I am actually thinking in my head whether or not I should divulge my information. I don't want to get ahead of myself. I always do. All I think I am going to say is a relationship or actually a courtship may be setting its self up. Its in the works and hopefully it will follow through. Because the clouds are parting just thinking about this new opportunity.

In other news I did not get student of the module. (Pretty much student of the class) I've been stepped over. Melissa got it, and yes she was in the running. I knew it would come between the two of us. She knew what she was doing. She had 1 mark higher than me.!!!

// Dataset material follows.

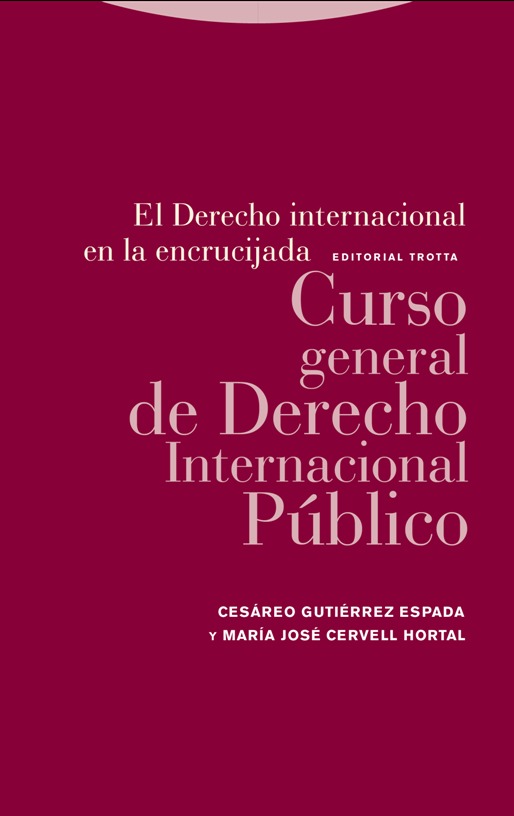 El derecho internacional en la encrucijada. Curso general de Derecho Internacional Público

I m not sure what it came down to, maybe it was my attendance, I missed two days. Or maybe she liked Melissa better. But I was so confident, I was so positive that the award was coming to me. I helped Gladys everyday, I even skipped breaks to help her. I understood the material, some parts even better than my instructor. I rarely asked questions, because I learn better when I figure it out on my own.
I feel cheated. I feel like I try so damn hard and I never get recongized. I am slowly giving up.
And I should give up, because strong people who achieve everything they want just don't give up. But Im frustrated and angry. I should be happy for Melissa she worked hard. I've had perfect attendance and that didn't help. But for this class my perfect attendance might of been my saving grace. And I could be in all my glory. But who's to say any of that matters. I fear I will never accomplish my short and embarrassingly stupid list of things I want done in my life.

2 comments:

Anthony said...

In response to your post on my blog, I am swinging through Moncton, NB tomorrow.

I'll be there for a couple hours (maybe?) I believe before I head off to Almherst, Nova Scotia then Halifax.

I kid you not.

:)

Miss.Q said...

Haha no way. AMHERST now thats alittle town. I was actually born there I have alot of family there, almost all my family. And Moncton.. well thats me.. Have a great trip!